Ad ogni modo, nella pagella italiana l’impatto delle riforme pensionistiche 2012-2014  è valutato positivamente così come la platea di riferimento, ma il giudizio è negativo per quanto riguarda l’importo delle pensioni.
Tradotto: l’Italia ha previsto misure proporzionate alla necessità di ridurre l’impatto sui conti pubblici, ma non a quella di assicurare un reddito adeguato ai pensionati.
I paesi in cui le riforme delle pensioni hanno meglio coniugato esigenza di far quadrare i conti e reddito dei pensionati sono Australia, Austria, Belgio, Canada.
Strategico anche il ruolo della previdenza complementare privata (fondi pensione integrativa).
Sul fronte previdenziale, nuove misure sono contenute nella Legge di Stabilità 2015: eliminate le penalizzazioni della Riforma Fornero per chi si ritira prima dei 62 anni con il requisito contributivo pieno, indipendentemente dalla tipologia dei contributi (prima si salvavano dalla decurtazione prevista dalla Riforma Fornero sulla pensione anticipata solo i lavoratori precoci).

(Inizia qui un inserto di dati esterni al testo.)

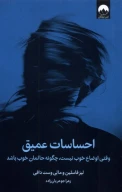 کتاب احساسات عمیق - تصویر 1
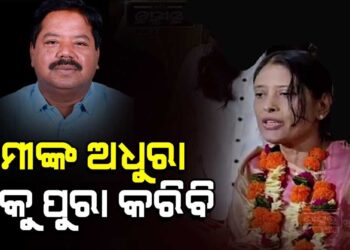 ବ୍ରଜରାଜନଗର ଉପନିର୍ବାଚନ ପ୍ରାର୍ଥୀ ଘୋଷଣା କରିଛି ବିଜେଡି : ଅଳକା ମହାନ୍ତିଙ୍କ ନାଁ ଘୋଷଣା କରିଛନ୍ତି – ମୁଖ୍ୟମନ୍ତ୍ରୀ ନବୀନ ପଟ୍ଟନାୟକ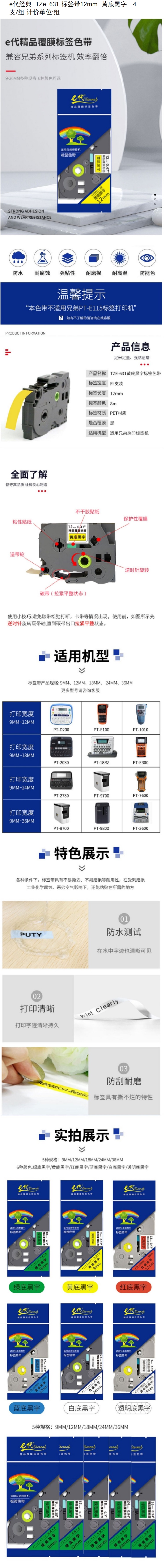 商品詳情圖片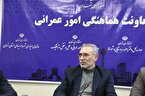 مدارس تهران غیرحضوری شد/ فعالیت ادارات و دانشگاه‌ها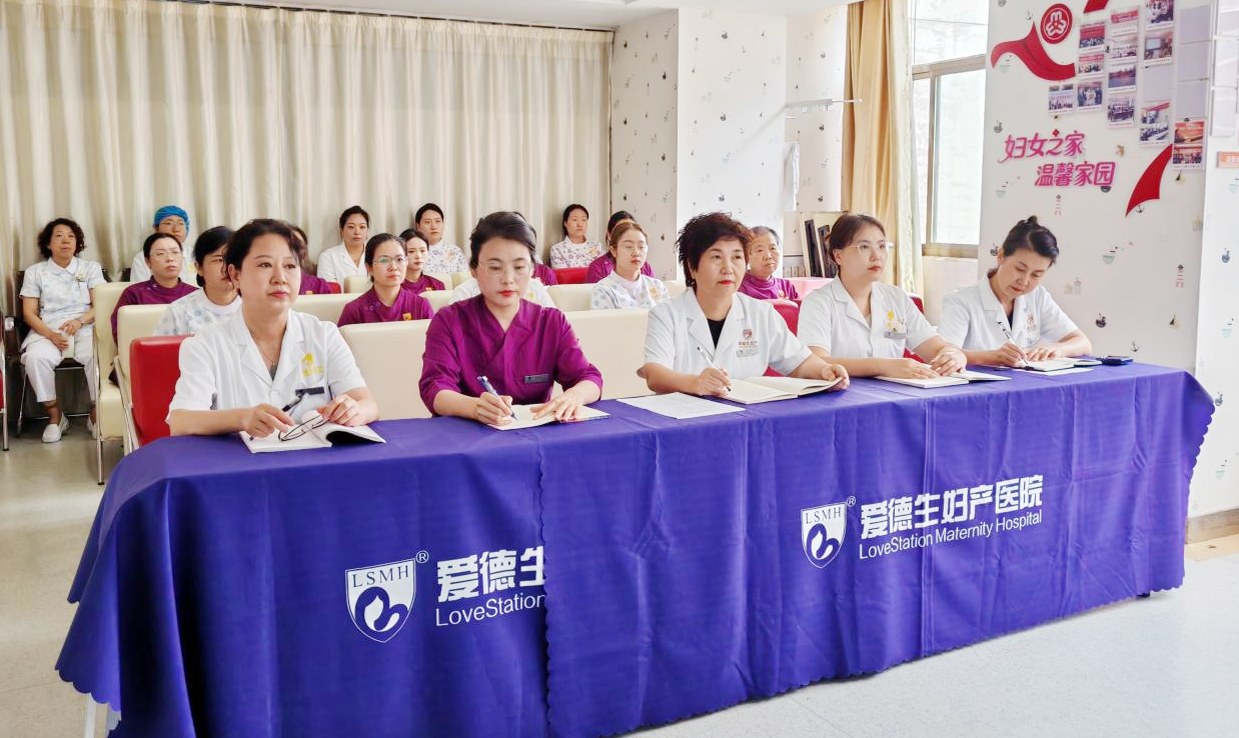 我院召开2026年第二季度护理质量与安全管理委员会会议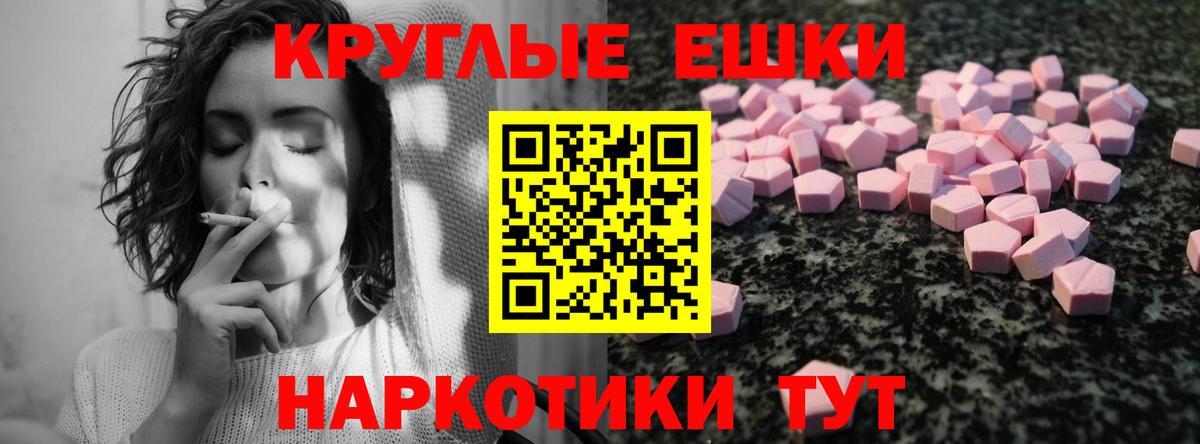 COCAIN  Марихуана  Меф кристаллы  Коммунар  Гашиш  Вход с VPN 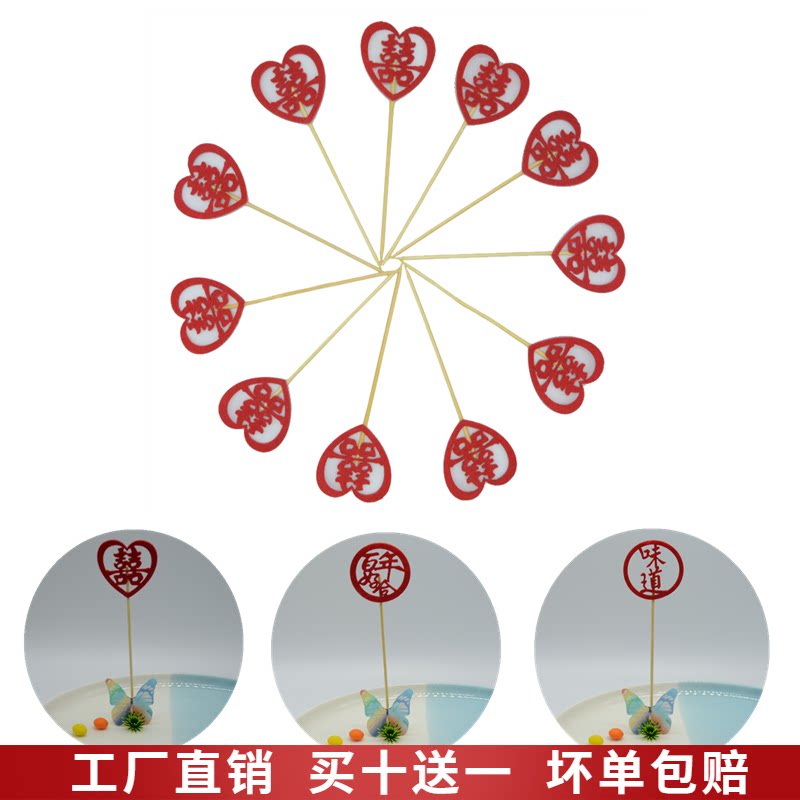 酒店婚宴盘饰水果盘签宴会喜字签喜庆果签 蛋糕装饰竹签 艺术牙签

Tetto alle pensioni d’oro di chi invece resta al lavoro oltre i 70 anni, con il calcolo delle annualità successive al 2012 che non può in ogni caso superare l’80% dell’ultimo stipendio (come avveniva con il retributivo).
Ci sono poi capitoli ancora aperti della Legge di Stabilità, come quello relativo alle tasse sui fondi pensione che, secondo l’ipotesi più probabile, potrebbero arrivare al 17%, in rialzo rispetto all’attuale 11% ma con un aumento ridotto rispetto al 20% previsto dal testo della manovra approvato alla Camera.
Altre misure sono ancora allo studio del Governo e attese nel corso del 2015, a partire da una maggiore flessibilità per le pensioni anticipate (es.: mini-assegni per chi si ritira prima, in forma di prestito previdenziale).
Per quanto riguarda la rivalutazione degli assegni non ci sono invece buone notizie per i pensionati: il tasso è allo 0,3% (contro un’inflazione all’1,1%).
Secondo i primi calcoli, un assegno di 500,88 euro (la pensione minima) salirà a 502,38 euro nel 2015.
Ricordiamo che la rivalutazione nel 2015 sarà piena fno a tre volte il minimo (1502,64 euro al mese lordi) e si ridurrà per importi superiori, fino ad azzerarsi sopra i 7mila euro al mese.